## Goal of the exercise:
Search the data for the string "that" and copy each line in which it appears.

## Source data:
^^^^^^^^

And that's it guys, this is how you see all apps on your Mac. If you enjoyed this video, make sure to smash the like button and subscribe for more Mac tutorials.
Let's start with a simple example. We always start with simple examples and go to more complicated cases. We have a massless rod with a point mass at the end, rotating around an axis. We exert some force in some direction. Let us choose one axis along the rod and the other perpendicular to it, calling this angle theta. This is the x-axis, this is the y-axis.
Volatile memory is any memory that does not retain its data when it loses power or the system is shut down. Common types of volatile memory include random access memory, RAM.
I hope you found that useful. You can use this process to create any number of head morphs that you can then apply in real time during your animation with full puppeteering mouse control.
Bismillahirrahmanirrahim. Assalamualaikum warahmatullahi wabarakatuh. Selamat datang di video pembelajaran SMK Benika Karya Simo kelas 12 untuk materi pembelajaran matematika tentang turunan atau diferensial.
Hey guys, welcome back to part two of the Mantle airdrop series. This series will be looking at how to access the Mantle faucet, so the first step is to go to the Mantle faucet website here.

^^^^^^^^

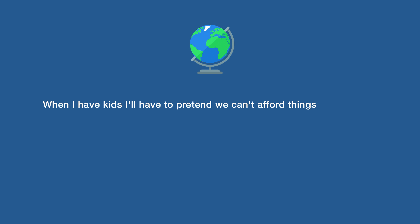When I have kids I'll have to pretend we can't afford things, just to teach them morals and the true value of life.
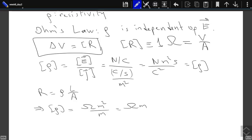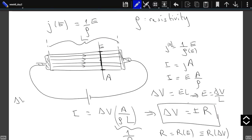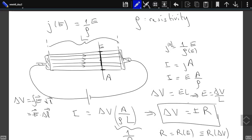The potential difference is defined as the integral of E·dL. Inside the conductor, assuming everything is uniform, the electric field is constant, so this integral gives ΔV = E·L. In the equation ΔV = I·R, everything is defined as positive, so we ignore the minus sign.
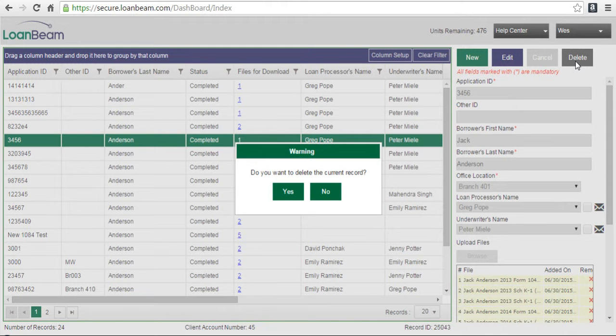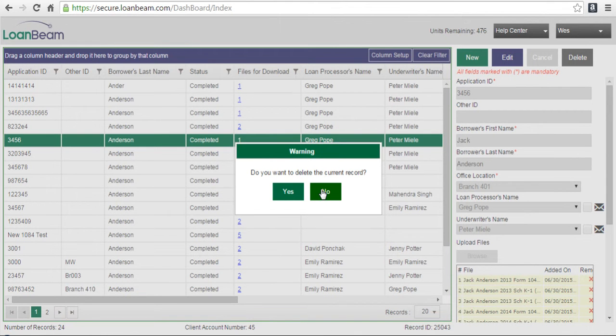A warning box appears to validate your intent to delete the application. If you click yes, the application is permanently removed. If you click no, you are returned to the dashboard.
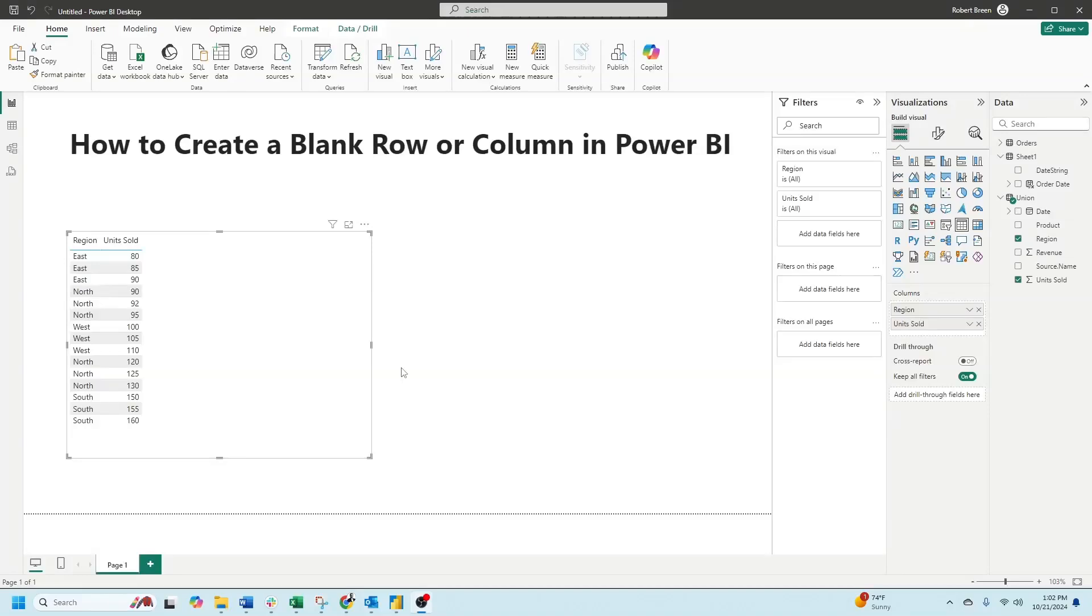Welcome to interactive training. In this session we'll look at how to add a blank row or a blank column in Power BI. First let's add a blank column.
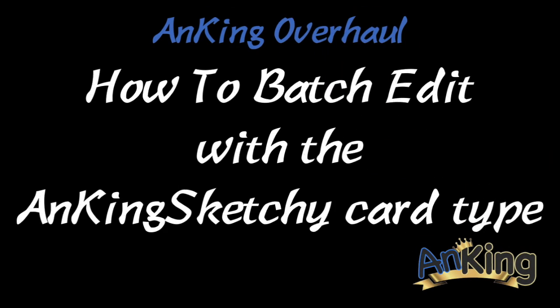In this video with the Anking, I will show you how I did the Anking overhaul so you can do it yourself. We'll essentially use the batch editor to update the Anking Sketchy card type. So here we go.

^^^^^^^^

## Solved problem:
And that's it guys, this is how you see all apps on your Mac. If you enjoyed this video, make sure to smash the like button and subscribe for more Mac tutorials.
Volatile memory is any memory that does not retain its data when it loses power or the system is shut down. Common types of volatile memory include random access memory, RAM.
I hope you found that useful. You can use this process to create any number of head morphs that you can then apply in real time during your animation with full puppeteering mouse control.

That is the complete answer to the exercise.